It's not possible to turn the clock back. The exchange of saris and shawls, the long walk with Sharif in Kathmandu, the orchestrated "surprise" visit to Sharif's home on his birthday, the invitation to a Pakistani team, including an ISI man, to visit Pathankot after the IAF base there was attacked, the resumption of talks, all that and more now belong to the past.
Modi has to begin afresh and craft an all-new policy to deal with India's constant tormentor. If he indeed means to keep his promise, he must act craftily and ruthlessly, regardless of consequences by way of upsetting the US and China. Even if India must stand alone, he should let it be known, India will stand.
It would be stupid to expect Modi to publicly state what he plans to do. That's not how sensible leaders respond to challenges to national security.
Between war (undesirable) and inaction (unacceptable) lies a vast space for coercive action, both overt and covert, to inflict material damage and disorient Pakistan.
Giving asylum to Baloch nationalists and asserting India's rights over Pakistan-occupied Kashmir and Gilgit-Baltistan are good first steps; they send a message to Pakistan and its patrons.
Modi should also declare he won't attend the SAARC summit at Islamabad and withdraw MFN status to Pakistan. It would distress Pakistan and its funders if Modi were to downgrade diplomatic relations.

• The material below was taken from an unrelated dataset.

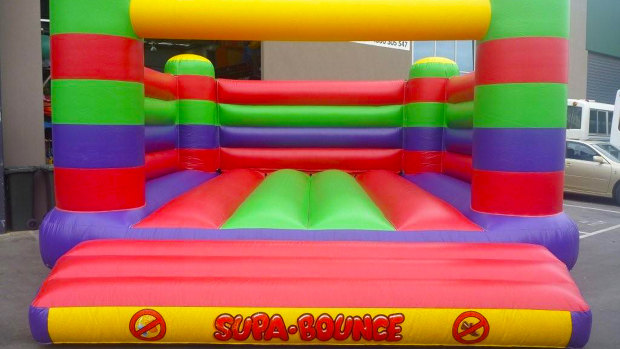 A jumping castle.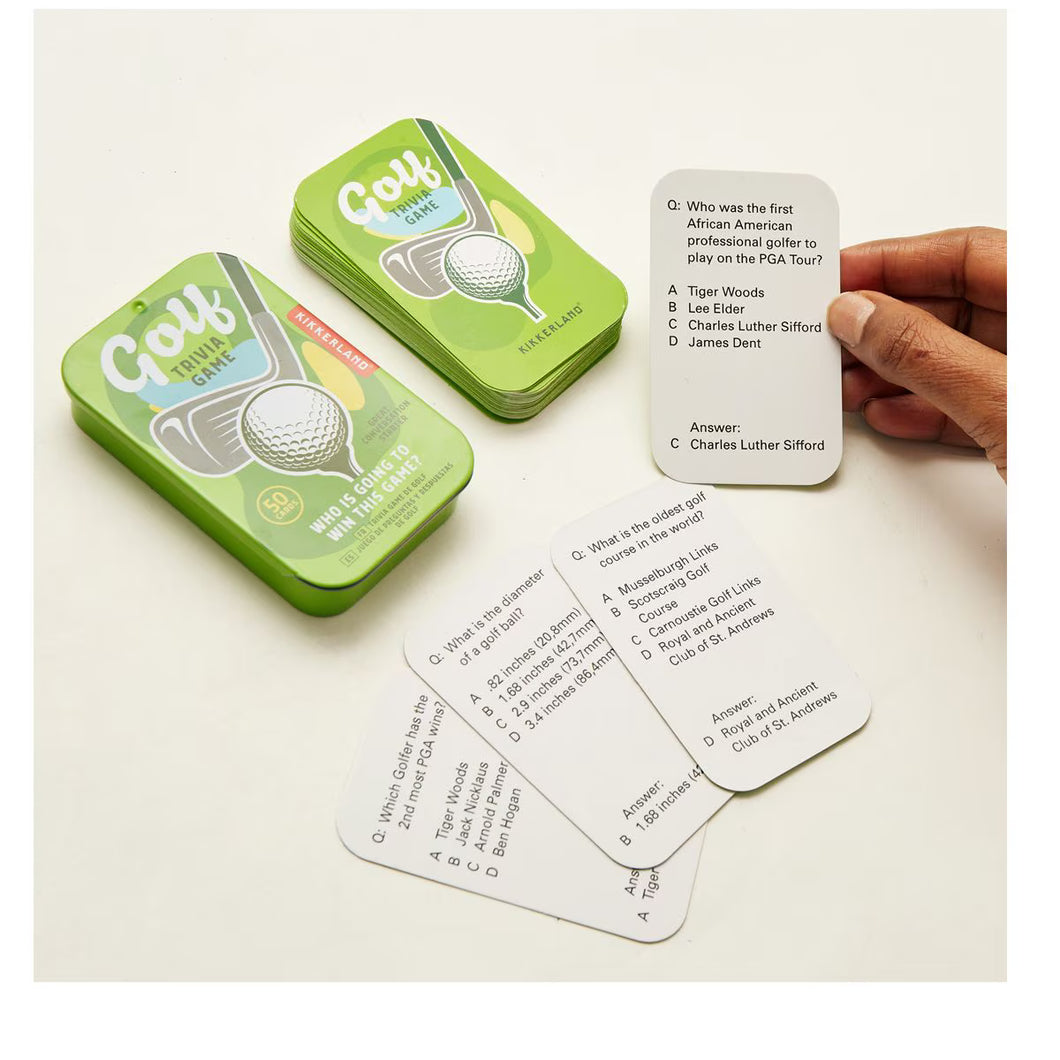 GOLF TRIVIA GAME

These are some of the things that can and should be done immediately. They would calm down Indians and give Modi time to figure out the big response, its elements, and their implementation. Anything less would only breed sullen, unforgiving anger.
Voters, contrary to what politicians love to believe, have a long memory.
Meanwhile, Modi would do well to go easy on tall talk of exposing and isolating Pakistan by taking India's plaint to international fora. Pakistan does not care a toss about being exposed.
Countries that matter will not isolate Pakistan. Soothing stories by establishment journalists about India's grand diplomatic success will not quite make up for the fact that insincere statements of condemnation of Pakistani terrorism by foreign governments are meaningless triumphs, poppycock victories.